• Exercise details
All of the data is to be written out again exactly, without the pictures.

• Data below
****

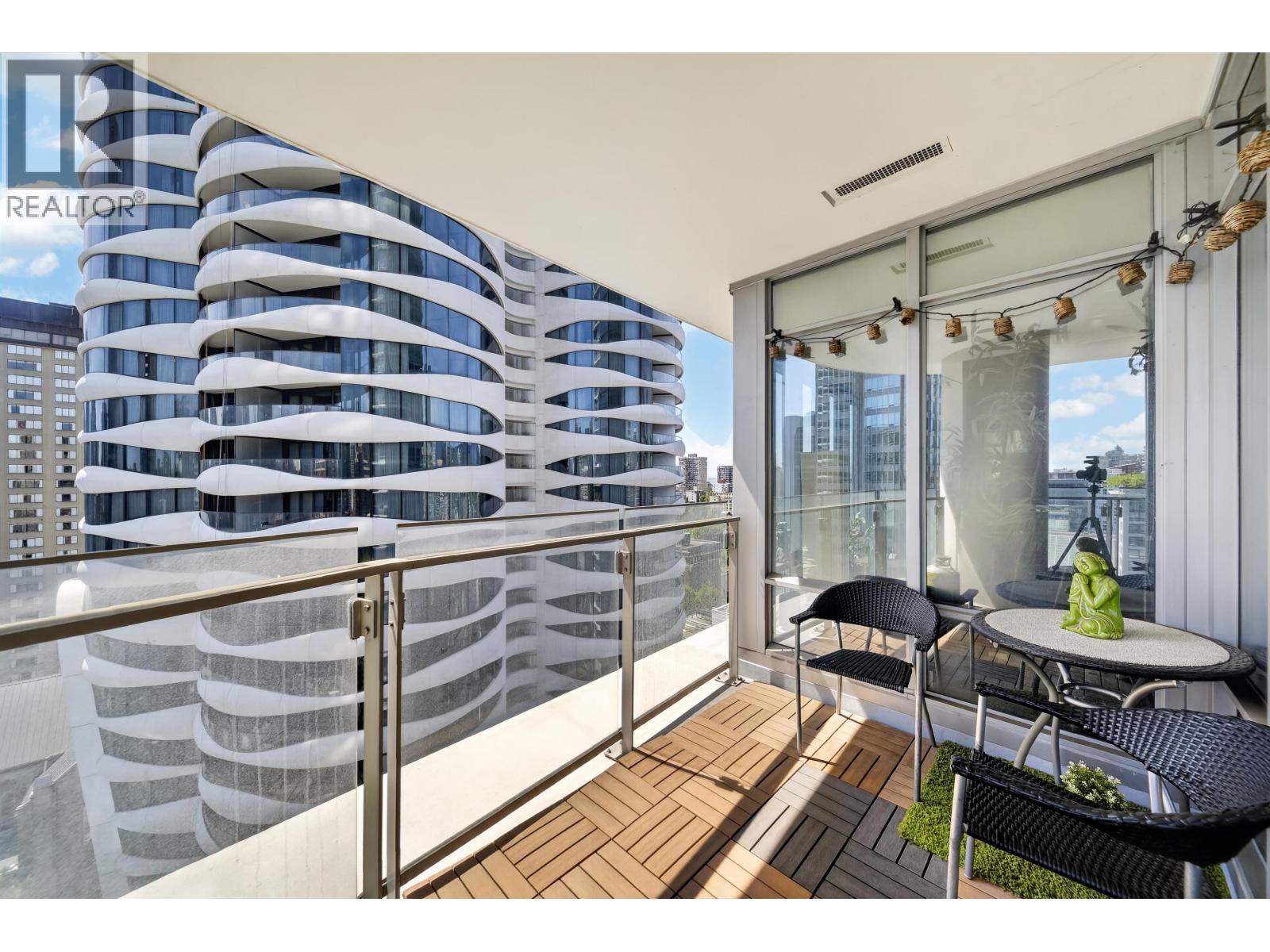 1902 1028 BARCLAY STREET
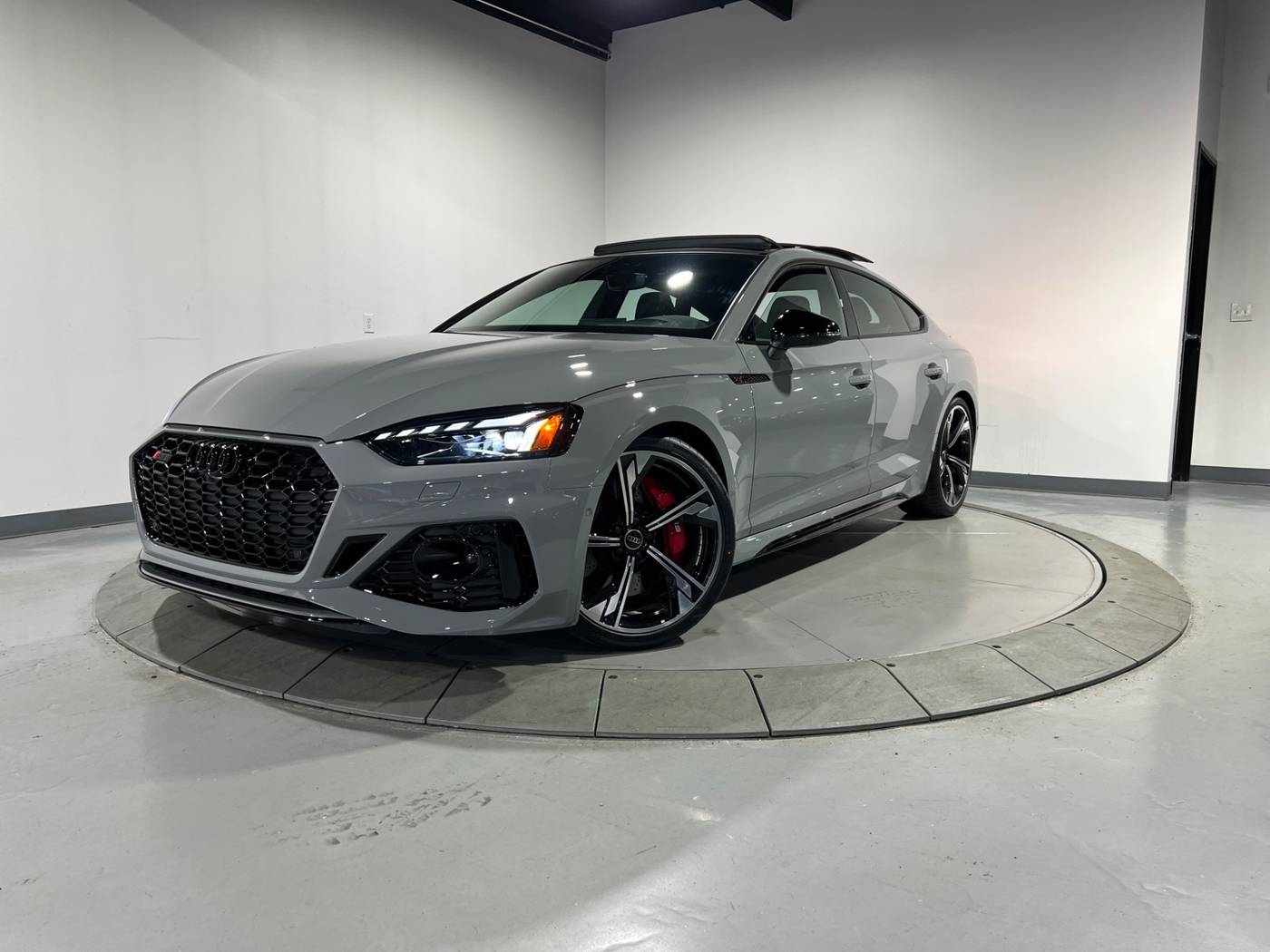 2024 Audi RS 5 Standard — Hatchback — 843 mi — Warren, MI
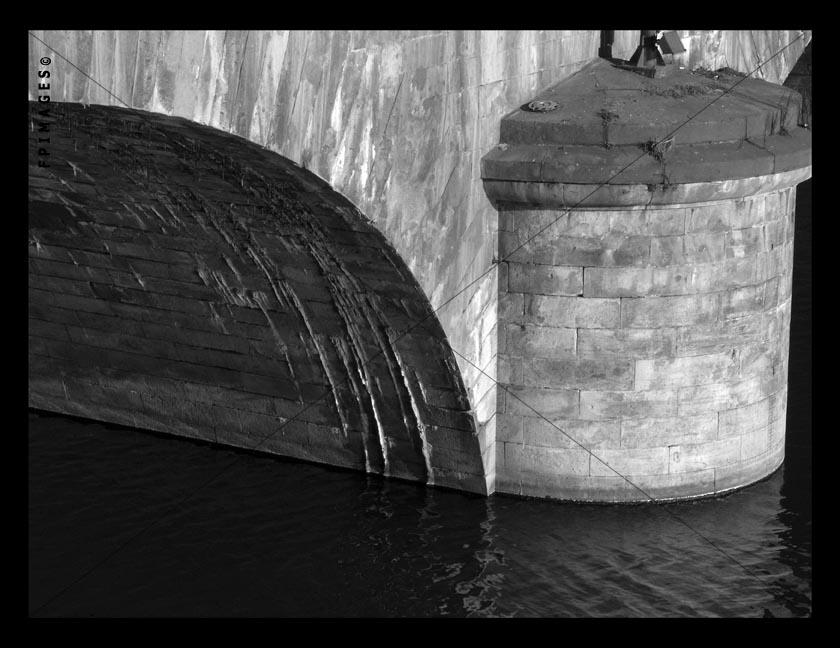 Bridge accross river Po built from stone - construction design detail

****

• Expected answer
 1902 1028 BARCLAY STREET
 2024 Audi RS 5 Standard — Hatchback — 843 mi — Warren, MI
 Bridge accross river Po built from stone - construction design detail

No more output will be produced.